Anaesthesia or sedation for your child’s dental work?

While sedation dentistry is generally safe, all medicines include inherent dangers. If you have questions, consult with your child’s dentist.

Anaesthesia or sedation for your child's dental work?
 Does your child require dental work done under sedation? If so, read on…

If your child needs multiple cavities filled or teeth pulled, their dentist may recommend doing these procedures under sedation or general anaesthetic. Parents should know the risks, benefits and alternatives before deciding which option is best for their child.

Why choose sedation dentistry?

Every child is unique and has specific requirements. Some children have a low pain threshold; others experience anxiety, fear, and stress while in a dentist’s chair. The good news is that sedation dentistry is an excellent option for some children.

How safe are anaesthesia and sedation for paediatric dental procedures?

In 2019, the American Academy of Pediatrics (AAP) and the American Academy of Pediatric Dentistry (AAPD) revised the existing recommendations for administering deep sedation or general anaesthesia to children.

It demands at least two individuals be in the room who are trained to administer advanced life support in the case of an emergency. One will be the dentist or oral surgeon doing the treatment, while the other will be a physician anesthesiologist, a certified registered nurse anaesthetist, a second oral surgeon, or a dentist anaesthetist.

What different sedation options are available?

Here are the most common types of sedation dentists provide:

Mild sedation

Nitrous oxide is the least intrusive and mildest sedative for children. It is frequently known as “laughing gas” or “giggle gas.” Sedation is often used in older children. Because your child is awake, dentists and oral surgeons can safely administer these drugs during dental procedures.

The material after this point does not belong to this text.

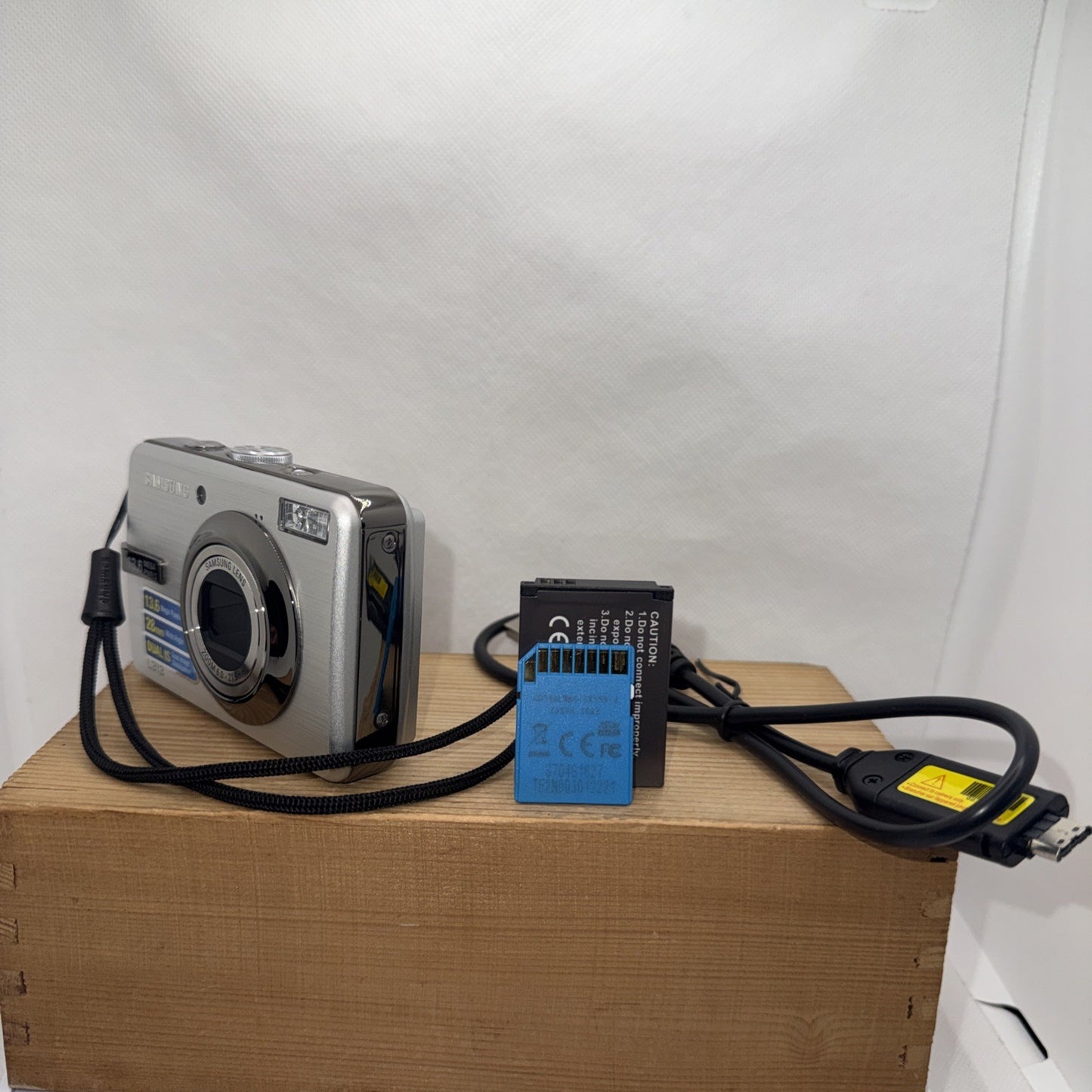 Samsung L313 13.6MP Digital Camera Tested + Charger Battery 4GB SD Card VGC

Under mild sedation, children are drowsier and calmer but are often able to comply with the dentist or oral surgeon’s instructions. Dentists and oral surgeons can provide these drugs safely during dental procedures.

Deep sedation

With deep sedation, doctors use medications intravenously (IV) to assist your child to sleep through the treatment. Your child may not be able to breathe adequately on their own.

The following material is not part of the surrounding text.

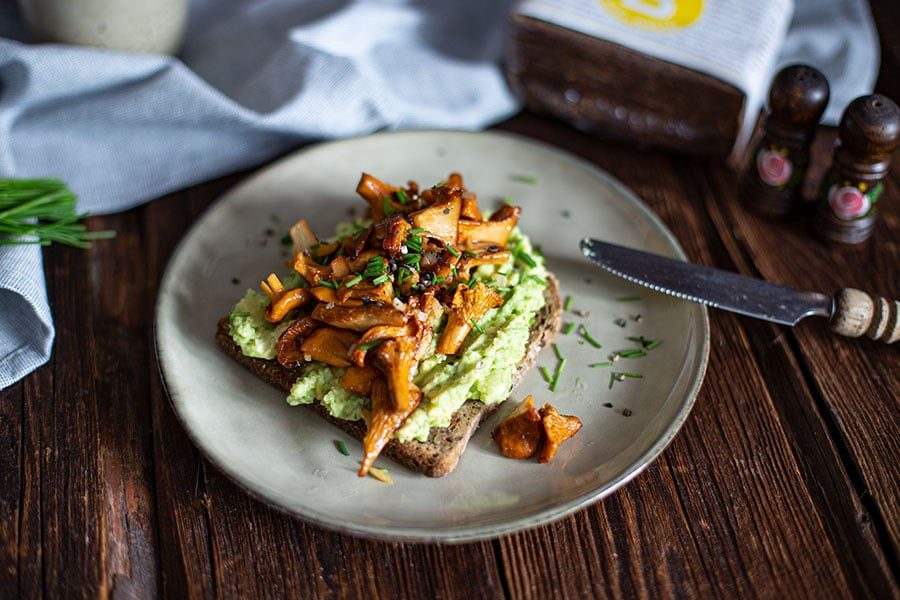 Deftiges Pfifferling Brot - Avocado und Knoblauch Pfifferlinge 1 Körnerbrot mit Avocado und Knoblauch Pfifferlingen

There must always be at least one qualified professional, such as an anesthesiologist, who can monitor your child’s heart rate, heart rhythm, blood pressure, and oxygen saturation (breathing) throughout the procedure and until they regain consciousness.

General anaesthesia

With general anaesthesia, your child will be fully unconscious and pain-free. A different dentist or oral surgeon will conduct the dental operation or surgery while specially-trained anaesthesia specialists administer and monitor your child’s drugs. Anaesthesia can be administered at an adequately equipped dental office or a hospital.

Good to know

A paediatric anesthesiologist is an anesthesiologist with at least one additional year of specialised training in anaesthesia for babies and children. Many children who require surgery have severe medical conditions that impact many body parts. The paediatric anesthesiologist has the skills and experience necessary to analyse these complicated issues and plan a safe anaesthesia for each child.

What to do before your child’s dental procedure

Before undergoing any dental treatment that involves sedation or anaesthesia, your child will require a physical assessment.

It is crucial that you inform the doctor if any of the following apply to your child:

  • Allergies, including food, drug, and latex allergies.
  • Medications being taken by your child. Don’t forget to inform your child’s doctor about any herbal, natural, or inhaled (breathed) medicines.
  • Problems with breathing, such as asthma, croup, or wheezing.
  • Recent illnesses, particularly severe colds and fevers.
  • Premature birth or birth deformities.
  • Heart issues.
  • Prior difficulties with anaesthesia or surgery, such as difficulties with the airway, falling asleep, or waking up after anaesthesia. Also, postoperative nausea and vomiting issues.
  • A history (on both sides of the family) of anaesthetic complications.
  • A history of bleeding disorders in the family.